Strengths and Limitations

Given the influence of socialization on gender roles (East 2010), especially in relation to parentification (Burnett et al. 2006; Byng-Hall 2008; Diaz et al. 2007; Jurkovic 1997) and depressive symptomatology (Case and Paxson 2005), a significant strength of this study is its examination of gender as a moderator. In order to encourage empirical research consistent with the recent multicultural guidelines proffered by the American Psychological Association (APA 2017), future studies ought to include other moderators, such as race or ethnicity (East 2010; Hooper et al. 2011; Hooper and Blaustein 2014) and socio-economic and immigration status of the family, which have been identified as contributing to parentification (Arellano et al. 2018; Burton 2007; Hooper et al. 2011, 2018).

Although our study did not find that sibling-focused parentification mediated the relations between parent behaviors and well-being and depressive symptoms, we recommend that future studies continue to explore this construct. Additionally, the lack of information related to the sibling subsystem serves as a limitation of the study. Our findings are only representative of a broad sample, and since we did not collect information regarding age differences between siblings, sibling constellation, number of siblings, or sibling genders, we could not analyze within-group differences of those who experience sibling-focused parentification. It could be that individuals with diverse expectations of sibling-focused parentification may be affected in unique ways.

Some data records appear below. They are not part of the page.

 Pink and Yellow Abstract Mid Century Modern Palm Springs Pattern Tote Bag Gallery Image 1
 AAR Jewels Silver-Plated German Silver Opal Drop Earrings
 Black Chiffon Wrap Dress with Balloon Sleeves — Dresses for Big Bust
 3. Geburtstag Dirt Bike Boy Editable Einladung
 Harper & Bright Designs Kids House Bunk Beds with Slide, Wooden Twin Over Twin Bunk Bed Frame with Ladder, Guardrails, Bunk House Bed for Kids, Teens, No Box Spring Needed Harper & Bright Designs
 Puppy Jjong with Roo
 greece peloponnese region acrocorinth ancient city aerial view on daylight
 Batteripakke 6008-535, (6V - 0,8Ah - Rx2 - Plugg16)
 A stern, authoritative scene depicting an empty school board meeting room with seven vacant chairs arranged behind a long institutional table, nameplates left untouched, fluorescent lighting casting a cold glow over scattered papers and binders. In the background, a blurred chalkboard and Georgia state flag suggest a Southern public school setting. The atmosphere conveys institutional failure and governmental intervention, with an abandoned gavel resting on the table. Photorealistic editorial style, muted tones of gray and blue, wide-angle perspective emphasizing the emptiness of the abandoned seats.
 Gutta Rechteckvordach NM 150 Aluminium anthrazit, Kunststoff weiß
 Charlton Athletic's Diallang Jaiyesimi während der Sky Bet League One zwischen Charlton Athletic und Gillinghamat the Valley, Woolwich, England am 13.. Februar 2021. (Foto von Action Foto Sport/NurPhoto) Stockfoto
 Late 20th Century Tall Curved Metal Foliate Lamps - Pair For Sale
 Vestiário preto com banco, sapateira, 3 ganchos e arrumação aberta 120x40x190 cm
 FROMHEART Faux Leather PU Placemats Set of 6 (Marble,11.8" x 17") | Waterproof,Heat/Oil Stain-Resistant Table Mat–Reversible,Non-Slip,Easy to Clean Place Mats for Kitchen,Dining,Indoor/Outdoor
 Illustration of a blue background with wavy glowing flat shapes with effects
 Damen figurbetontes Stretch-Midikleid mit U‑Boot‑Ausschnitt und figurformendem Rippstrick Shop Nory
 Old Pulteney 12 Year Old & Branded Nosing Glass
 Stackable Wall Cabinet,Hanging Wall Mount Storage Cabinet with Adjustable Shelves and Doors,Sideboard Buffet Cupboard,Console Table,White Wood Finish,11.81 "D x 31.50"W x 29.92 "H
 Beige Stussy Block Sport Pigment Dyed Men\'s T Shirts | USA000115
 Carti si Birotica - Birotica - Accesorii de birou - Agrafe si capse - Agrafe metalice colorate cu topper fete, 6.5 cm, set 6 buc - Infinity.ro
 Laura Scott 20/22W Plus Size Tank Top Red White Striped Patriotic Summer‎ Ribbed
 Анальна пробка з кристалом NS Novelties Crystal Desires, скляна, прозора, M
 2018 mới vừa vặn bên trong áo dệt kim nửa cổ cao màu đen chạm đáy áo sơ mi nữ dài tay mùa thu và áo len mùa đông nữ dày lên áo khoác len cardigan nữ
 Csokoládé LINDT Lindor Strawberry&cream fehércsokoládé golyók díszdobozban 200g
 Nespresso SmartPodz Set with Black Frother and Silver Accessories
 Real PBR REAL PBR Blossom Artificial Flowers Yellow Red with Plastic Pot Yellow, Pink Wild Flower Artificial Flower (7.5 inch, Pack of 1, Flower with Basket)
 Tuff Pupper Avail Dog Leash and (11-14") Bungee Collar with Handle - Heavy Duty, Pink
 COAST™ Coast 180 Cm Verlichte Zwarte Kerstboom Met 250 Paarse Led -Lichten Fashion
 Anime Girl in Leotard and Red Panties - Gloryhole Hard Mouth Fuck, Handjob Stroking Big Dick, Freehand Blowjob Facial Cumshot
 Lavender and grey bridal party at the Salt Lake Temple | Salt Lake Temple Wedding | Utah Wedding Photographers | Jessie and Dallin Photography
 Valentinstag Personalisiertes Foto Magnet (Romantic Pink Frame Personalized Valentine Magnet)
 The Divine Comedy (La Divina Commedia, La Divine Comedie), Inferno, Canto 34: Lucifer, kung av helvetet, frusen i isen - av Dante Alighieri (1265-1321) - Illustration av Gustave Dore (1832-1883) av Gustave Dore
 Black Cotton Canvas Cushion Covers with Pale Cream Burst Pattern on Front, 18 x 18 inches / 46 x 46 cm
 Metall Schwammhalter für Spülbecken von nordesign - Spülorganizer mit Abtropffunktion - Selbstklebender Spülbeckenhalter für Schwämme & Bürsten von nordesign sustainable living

As with any individual study, several aspects of the research serve as limitations: (a) lack of an experimental design, (b) lack of longitudinal design, and (c) sole use of adolescent self-report measures. Without an experimental design, causal conclusions cannot be drawn. Further, although a longitudinal research design can provide more clarity regarding the direction of the relations among the variables, this is not possible with the cross-sectional design used in the current study. In addition, exclusively relying on self-report measures may result in inflated associations. That is, the respondent’s affect may impact their perceptions of the construct being measured, and thus the results should be interpreted cautiously. One way to mitigate these concerns in the future would be to have multiple informants, including parent-report measures, to increase quality of interpretability. An additional future consideration is the inclusion of observational data, often considered the gold standard (Douglas 2009), provided that the time and monetary resources are available to support such a labor-intensive method.

Another limitation is that of the family structure of the sample were unknown to the researchers. The number of siblings and the number of parents living in the home could have relevance on the parentification scales. Future research ought to consider using these as additional moderators in the analyses. A final limitation to the current study is that 75% of the sample identified as White American, with the remaining 25% representing Asian or Pacific Islanders, Black Americans, Latinx, Native American or Alaska Natives, and other races and ethnicities. Accordingly, although females and males were nearly equally represented, the generalizability of the outcomes is limited regarding individuals who identify with diverse racial and ethnic backgrounds. Thus, future studies should recruit a more racially and ethnically diverse sample and explore additional cultural factors as potential moderators (APA 2017; East 2010; Hooper et al. 2011).